Reproduce the lines below exactly. Skip images.

* _DATASET CONTENT_:
== Segment start ==

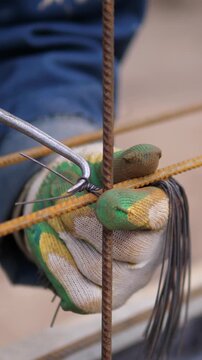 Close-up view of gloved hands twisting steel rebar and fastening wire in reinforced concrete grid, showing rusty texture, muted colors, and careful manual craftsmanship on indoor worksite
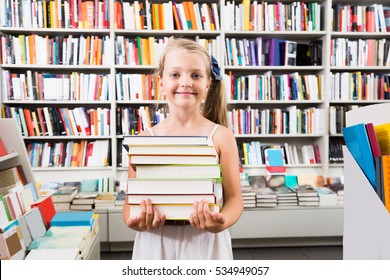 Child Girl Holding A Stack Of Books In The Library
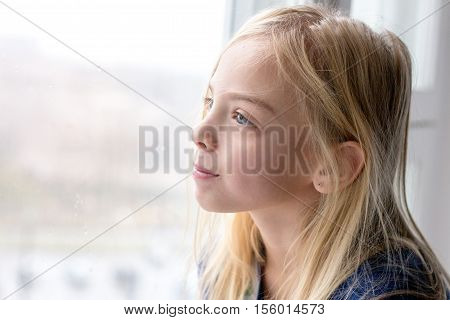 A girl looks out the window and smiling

== Segment end ==

* _ANSWER SPACE_:
 Close-up view of gloved hands twisting steel rebar and fastening wire in reinforced concrete grid, showing rusty texture, muted colors, and careful manual craftsmanship on indoor worksite
 Child Girl Holding A Stack Of Books In The Library
 A girl looks out the window and smiling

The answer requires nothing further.